The problem: Lines before the one containing "Djurgårdens Adam Ståhl jublar" are not wanted; restate the rest below word for word, through the last line, but drop any pictures.

Information given:
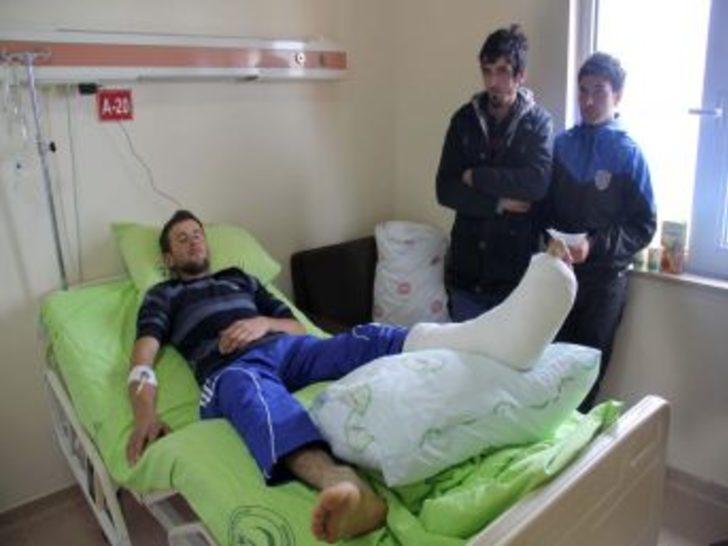 G&uuml;rcistan'daki Depremde Yaralanan Rizeli Vatandaş, Tedavi Altında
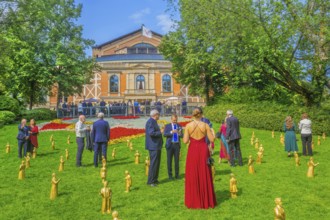 Festival theatre on the Green Hill with festival guests, festival city of Bayreuth, Upper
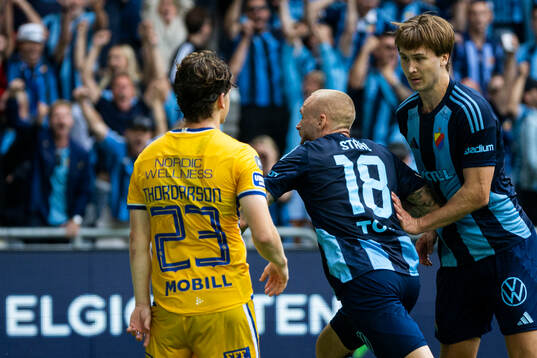 Djurgårdens Adam Ståhl jublar
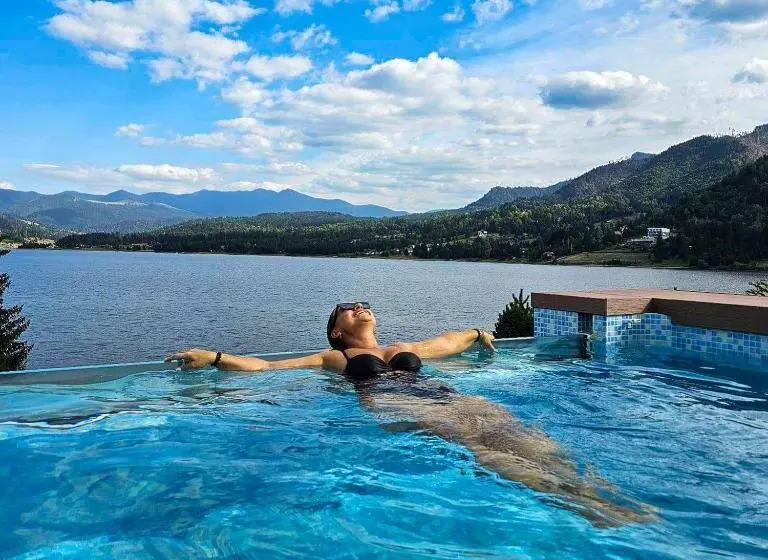Hotelli Roser House Boutique   Pe Malul Lacului Colibita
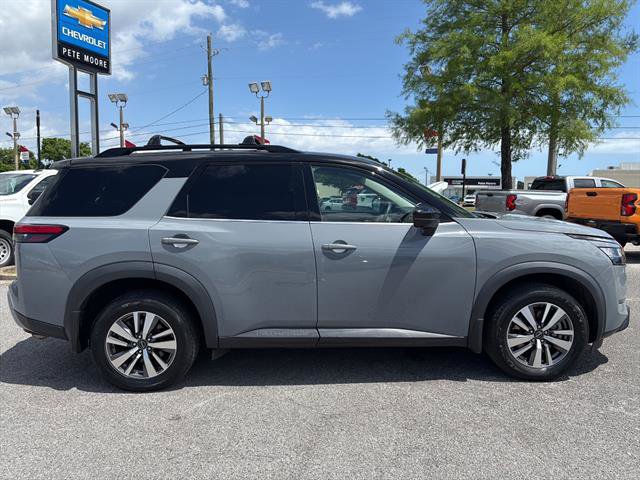 Used 2023 Nissan Pathfinder SL w/ Lighting Package (N92) FWD image 4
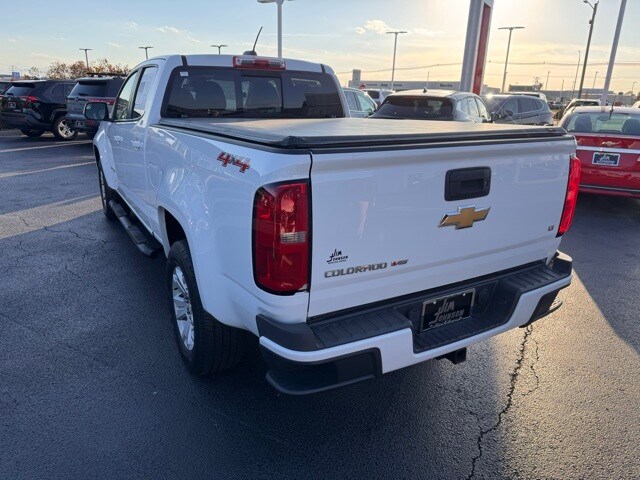 2017 Chevrolet Colorado LT photo 2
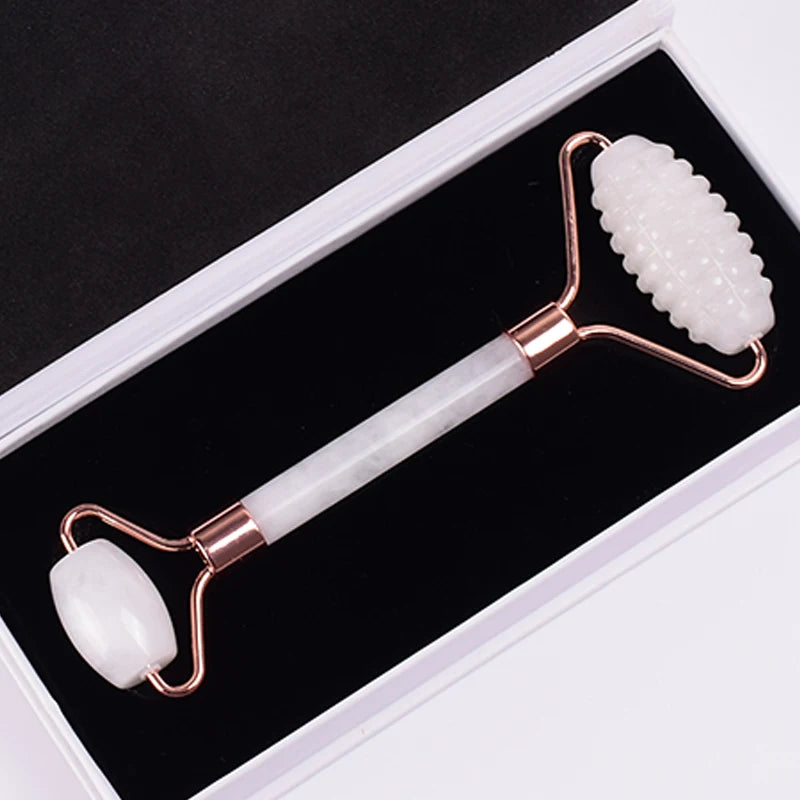 Set Rodillo Facial Dentado y Gua Sha de Jade Oro Rosa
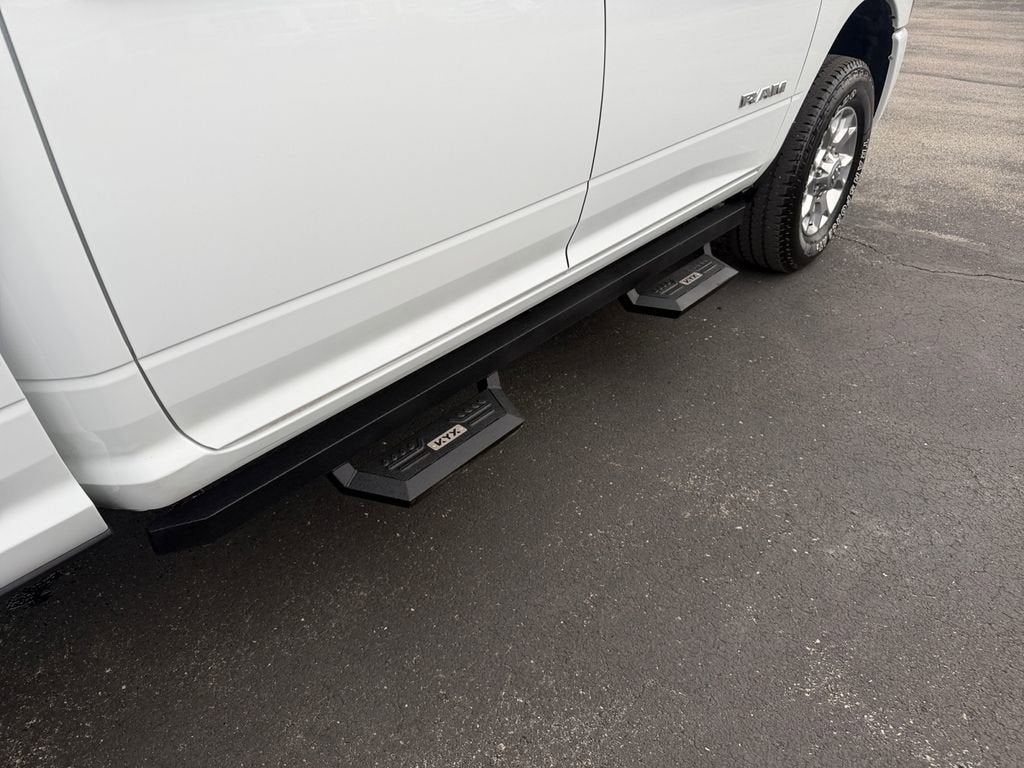 2024 RAM 2500 Laramie Crew Cab 4x4 6'4" Box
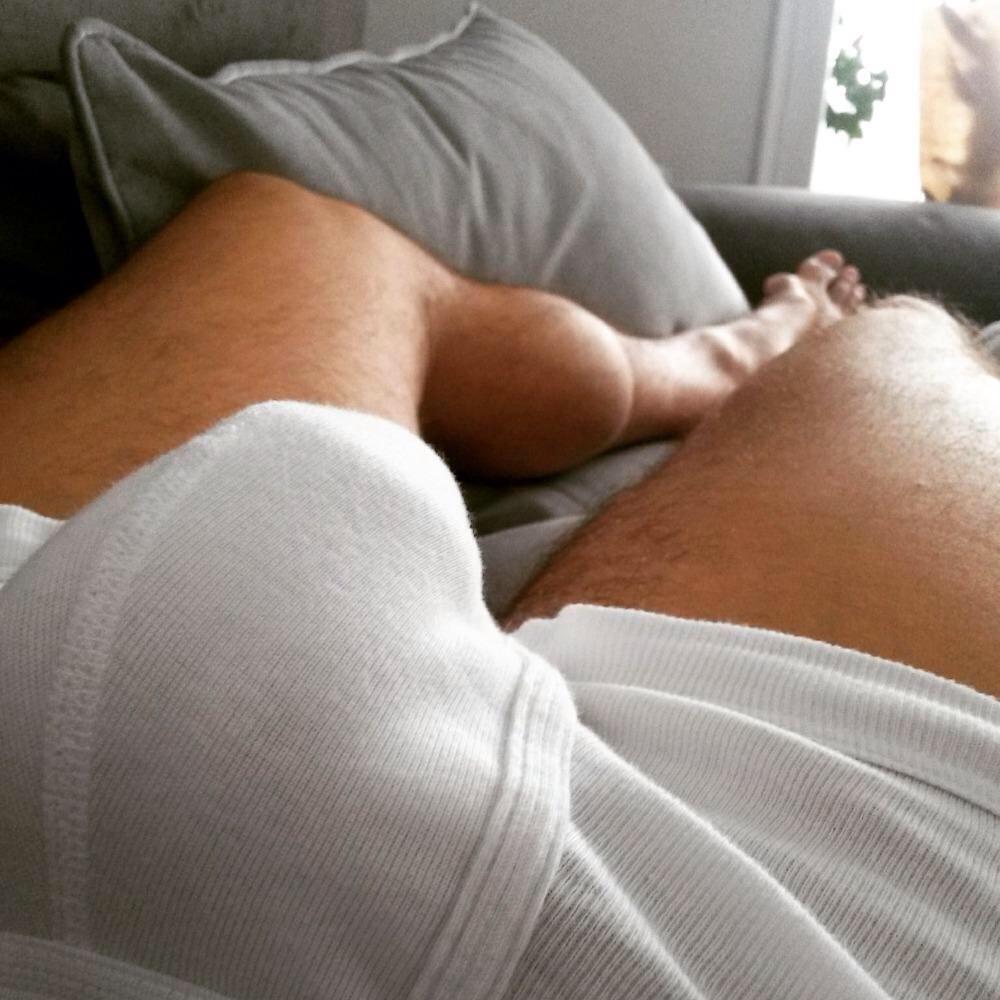 malefeetsp's tweet photo. Me pones burraco @BelGris http://t.co/SVd9CMLmC1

Result of the task:
 Djurgårdens Adam Ståhl jublar
Hotelli Roser House Boutique   Pe Malul Lacului Colibita
 Used 2023 Nissan Pathfinder SL w/ Lighting Package (N92) FWD image 4
 2017 Chevrolet Colorado LT photo 2
 Set Rodillo Facial Dentado y Gua Sha de Jade Oro Rosa
 2024 RAM 2500 Laramie Crew Cab 4x4 6'4" Box
 malefeetsp's tweet photo. Me pones burraco @BelGris http://t.co/SVd9CMLmC1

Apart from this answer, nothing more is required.